Requirement:
Would you output the lines from the one containing "cm, 100% pamuk" through the final line of the entries, exactly and with pictures omitted?

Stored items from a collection
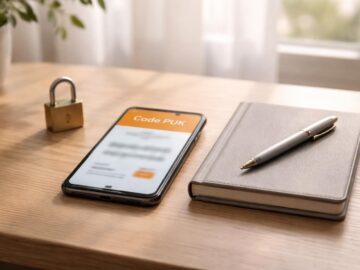 découvrez comment générer et conserver votre code puk orange en toute sécurité pour protéger votre téléphone et accéder facilement à vos services.
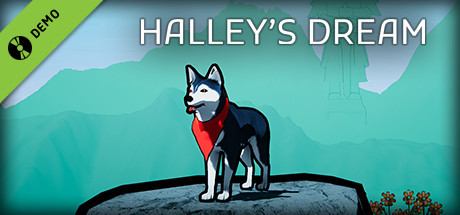 Halley's Dream Demo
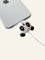 Panda Shaped Data Cable Protector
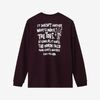 THE NORTH FACE L/S Snow Rec Crew NT82690画像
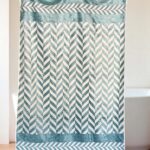 Plažni peškir "Big B20" – 96x150 cm, 100% pamuk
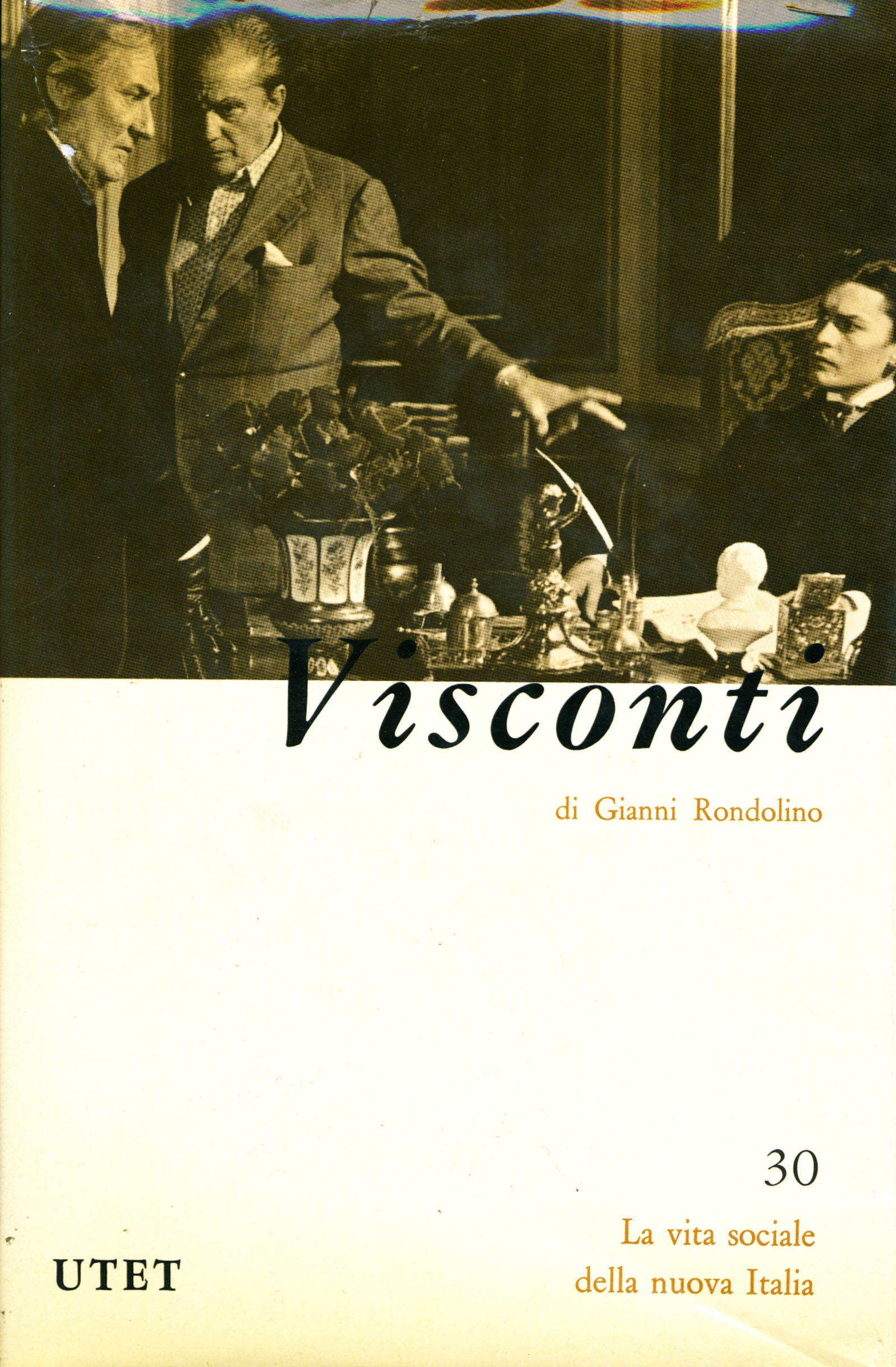 Luchino Visconti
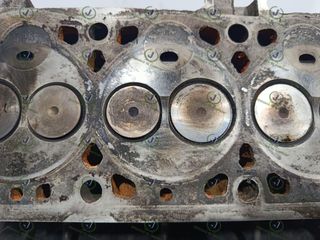 200W3 CULATA CITROEN BERLINGO FIRST Monospace (MF_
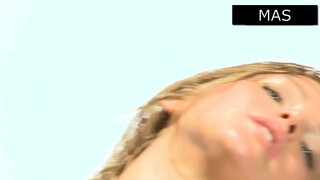 9. Jennifer Lawrence Bikini Photoshoot.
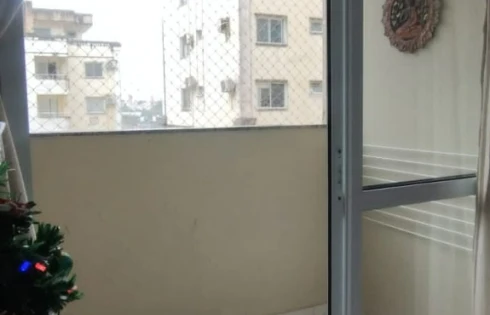 Apartamento em Pedra Branca, Palhoça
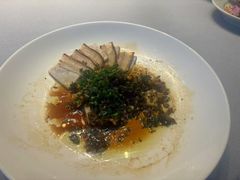 -西安绿地假日酒店·丽宝轩中餐厅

Result:
 Plažni peškir "Big B20" – 96x150 cm, 100% pamuk
 Luchino Visconti
 200W3 CULATA CITROEN BERLINGO FIRST Monospace (MF_
 9. Jennifer Lawrence Bikini Photoshoot.
 Apartamento em Pedra Branca, Palhoça
 -西安绿地假日酒店·丽宝轩中餐厅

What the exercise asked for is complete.